Stefano Langone performs on Wednesday at the HP Pavilion in San Jose during the American Idol Summer Tour.

SAN JOSE – Let’s be clear about this upfront – for me the American Idol Summer Tour show I witnessed here last Wednesday wasn’t the greatest, but one of the highlights was Stefano Langone.

He’s not the greatest vocalist in the world, not the greatest dancer. What he is is full of energy. He almost makes you want to like him. All of which brings us back to a conversation I had with him earlier on Wednesday.

We were in an interview area in the bowels of HP Pavilion chatting away about the Summer Tour and the opportunities it had brought to him. I told him about my thoughts that this Tour wasn’t how it was always going to be for him and the other Idol finalists and that the past two Idol winners – Kris Allen and Lee DeWyze – had appeared in little, old Santa Rosa this past December to crowds of about 150 instead of the 12,000 he was going to be staring down that night. Basically Allen and DeWyze were, like so many before them, paying their dues.

Langone isn’t a big guy, maybe 5-foot-6 and he sports the scars on his arm from a head-on car accident with a drunk driver when he was a teenager. Actully I was lucky to have him standing there talking to me.

So, to my shock he proceeds to explain his position on Idols past and present. …

“There’s a different component to that (paying your dues at ultra-small venues),” Langone said. “That was then and this is now. That’s what makes this season so different. It’s what makes this group different from anybody else who has done the show. It has to do with timing, it has to do with who you know, it has to do with what you are going to do in the industry. What route you are going to go, what crowd and what people you are going to tap into. What area of music, what genre.

“Right now I know the area I want to go into and what I have to deliver can work and will work in the industry. It’s all about timing and right now the timing is right. I got to meet with bands and the producers of Interscope, one of the hottest record labels in the world right now, I made great relationships with people who want to work with me, people who are writing for me already and (I’m) really using those things to become the artist that I want to become.

“I didn’t do American Idol to be the (next) Lee DeWyze or …. Obviously that’s something that we are all here to not do.”
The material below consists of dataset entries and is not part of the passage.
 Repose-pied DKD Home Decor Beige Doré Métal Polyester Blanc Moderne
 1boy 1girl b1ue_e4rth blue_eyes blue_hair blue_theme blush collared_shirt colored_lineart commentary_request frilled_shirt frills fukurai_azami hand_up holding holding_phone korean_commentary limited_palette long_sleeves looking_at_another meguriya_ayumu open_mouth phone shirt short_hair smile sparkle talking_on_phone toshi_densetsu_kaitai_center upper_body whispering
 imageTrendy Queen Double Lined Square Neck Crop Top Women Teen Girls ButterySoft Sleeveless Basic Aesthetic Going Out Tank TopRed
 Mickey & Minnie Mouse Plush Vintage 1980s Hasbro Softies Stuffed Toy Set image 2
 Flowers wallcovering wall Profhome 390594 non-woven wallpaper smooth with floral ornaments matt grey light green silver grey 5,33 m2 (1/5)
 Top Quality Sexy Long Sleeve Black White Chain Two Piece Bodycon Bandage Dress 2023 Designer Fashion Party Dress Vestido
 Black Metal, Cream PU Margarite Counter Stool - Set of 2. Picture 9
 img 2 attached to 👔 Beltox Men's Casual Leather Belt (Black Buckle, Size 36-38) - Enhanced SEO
Well, now, all that caught me off-guard. Granted I am no music wizard, but I always thought there just wasn’t any other way to do it other than start from the bottom, begin at those small bars in Santa Rosa and wind up playing at Shoreline or Carnegie Hall or the Grand Ole Opry.
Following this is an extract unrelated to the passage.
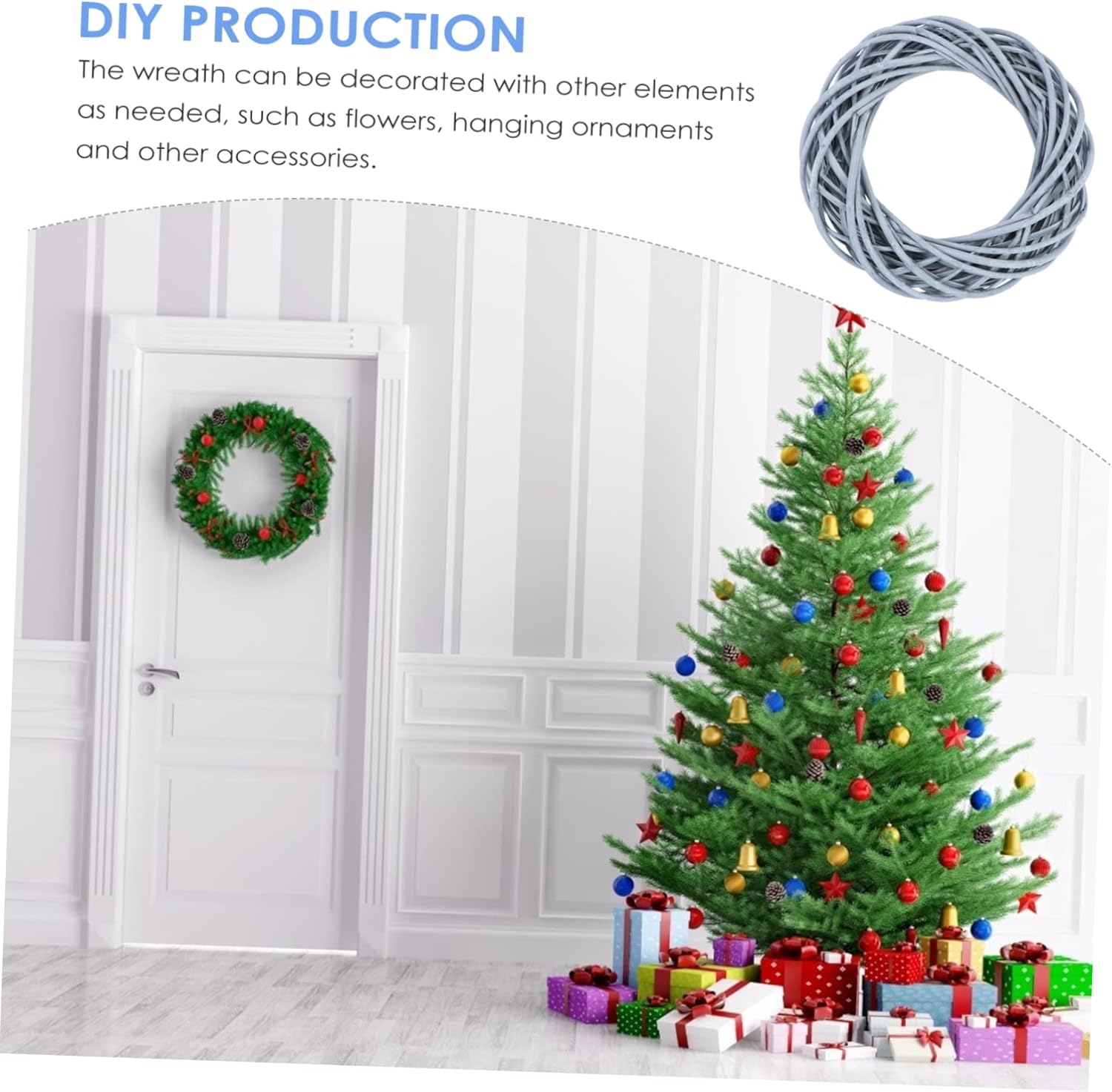 Gogogmee Willow Wreath DIY Rattan Garland Door Decor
Maybe I’m wrong. Maybe you can start with a crowd of 12,000 watching and cheering for you at the Shark Tank and stay in that musical universe.

“The Tour is going great,” Langone admitted. “Is it what I expected? Performance-wise, crowd-wise, reaction-wise there are just so many things that come into it.

I mean before I did American Idol I was at home in my apartment with no cable, no internet with my keyboard writing songs and dreaming. And then a year later, exactly, I’m on a national tour.

“I mean it’s pretty incredible. Did I have any expectations? No. I mean I was just in it for the ride and it’s been absolutely great. So many things I am learning. It’s really draining. I had a vocal coach during the season at American Idol Star School who told me you take what you learn from there and I learned a helluva lot. I came a long way and in my opinion I think it made me a beast and I think it’s really cool to get to show that on stage and in my opinion get to be a strong performer, make some fans and prove some critics wrong.”

Mr. DeWyze won Season 9 of American Idol. He’s appeared at the Last Day Saloon in Santa Rosa.

Mr. Langone finished No. 7 in Season 10 of American Idol. And last Wednesday he sang “Grenade” superbly, danced very well and interacted with the audience all the way to the point where he took off his shirt and posed for a split-second for the cameras.

Time will tell who is on the fast-track to stardom.